The Royal Mint has now been instructed to strike no more coins. With the number of card-based transactions reaching more than 50%, it has been decided by the Treasury that coinage already in circulation – nearly 27 billion in total – is sufficient.
Yet, the mantra “cash is king”, used in business for generations, is as true now as it ever was, for regardless of a firm’s assets, order book or potential, being able to call on resources immediately matters. Certainly, cash in hand empowers those who use it, as transactions are anonymous, fast and easy. For as cash payments cannot be tracked by either those fraudsters who seek to do us harm or by greedy corporations which strive to know what all of us spend, when, and where, they are always most secure. It is also much better for local family businesses to receive payments in our legal tender, rather than to suffer late payments or the additional costs of having their money processed by global banks who charge for doing so.
Nevertheless, though surely most know the risks of cons and scams, many sensible people ignore them by purchasing and paying online. Simultaneously, in the past five years in Lincolnshire alone, a fifth of all the ATMs have disappeared. Meanwhile, nationally over 15,000 cashpoints have gone. For the common good, cash should continue to play a key role in the economy, but corporations, careless of the public interest, are complicit in killing ‘king’ cash.
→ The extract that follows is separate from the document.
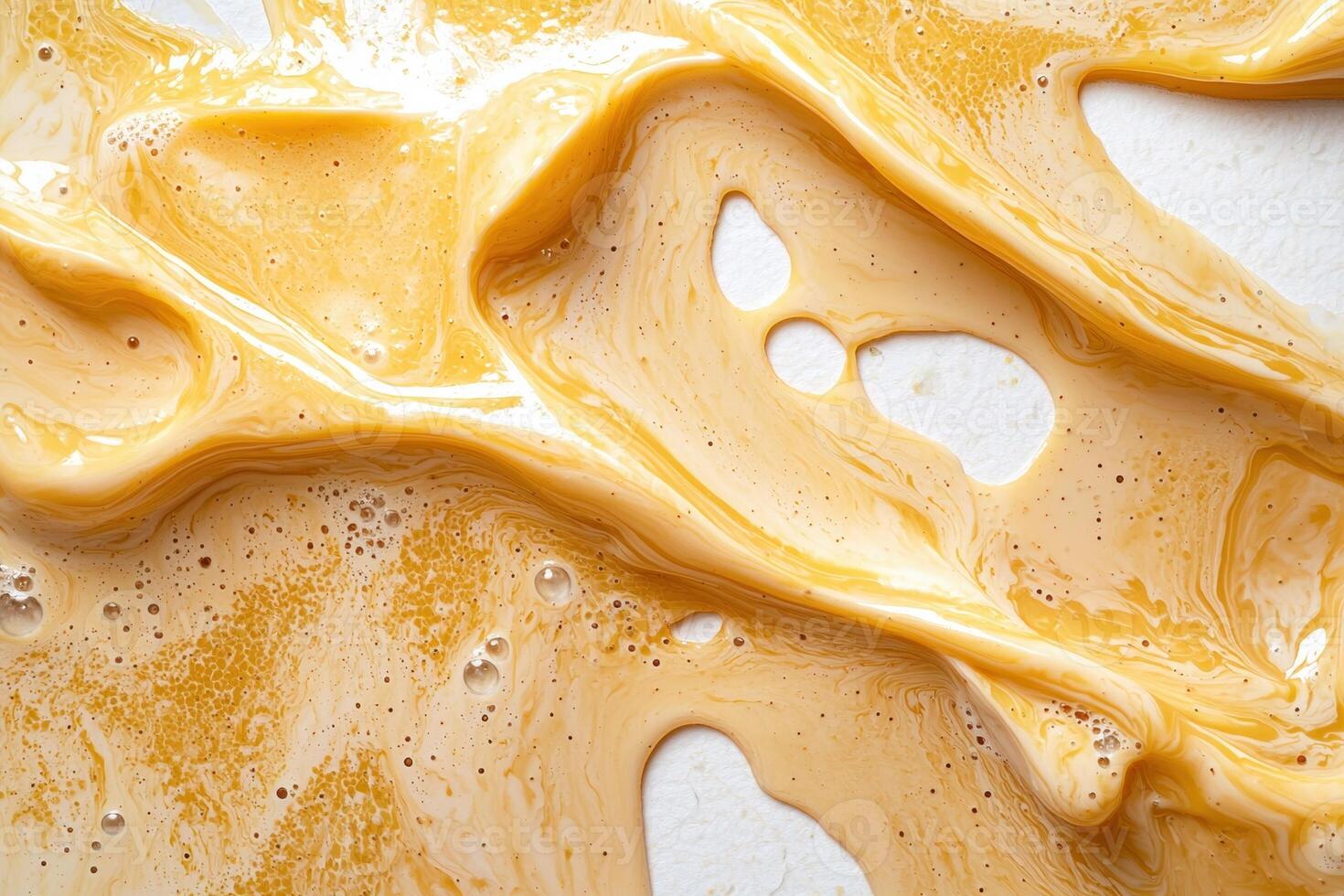 Abstract background of yellow liquid with bubbles and swirls photo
Whilst the last Government introduced legislation – which I supported by backing amendments to the Financial Services and Markets Act – to ensure that free access to cash is protected, it remains at risk.
Although over a third of adults are living largely cashless lives, their risky choice must not lead to the decimation of cash altogether. Indeed, nearly 11 million people in this country either struggle to use online banking or choose not to do so. So, it’s welcome that whilst some so-called ‘experts’ predicted the death of cash during the Pandemic, the last figures showed that some 1.5 million adults in 2023 mainly used cash – a rise compared with the period before Covid.
Guaranteeing the option of notes and coins, with all their benefits, is why I am supporting the LINK Scheme, a not-for-profit organisation established to ensure that banking hubs remain open to those who need them, and that cash remains freely available and widely accepted.
Currently, most people live within one mile of a free to use ATM where they can withdraw cash from their bank accounts, but many of these cash machines are in cities or larger towns. So, because more still needs to be done for areas like ours, I have also asked the Chancellor of the Exchequer to take steps to ensure that people are able to access cashpoints in rural areas. As well as which, I have told her that no public institution or body should any longer exclude cash payments. Helpfully, cash can also be withdrawn freely at Post Offices throughout Lincolnshire and elsewhere. Our Postmasters do a fine job and should be given the opportunity by Government of providing more services; for example, why is it no longer possible to buy Premium Bonds at the Post Office?
None of us can afford to let cash slip through our fingers. Every payment made online gives remote international corporations more information about the purchase and sale of goods and services – valuable data which, once divulged, can itself be traded. Only cash gives people the freedom to live their lives free of such interference, and, for that reason above all others, cash must remain available on our high streets.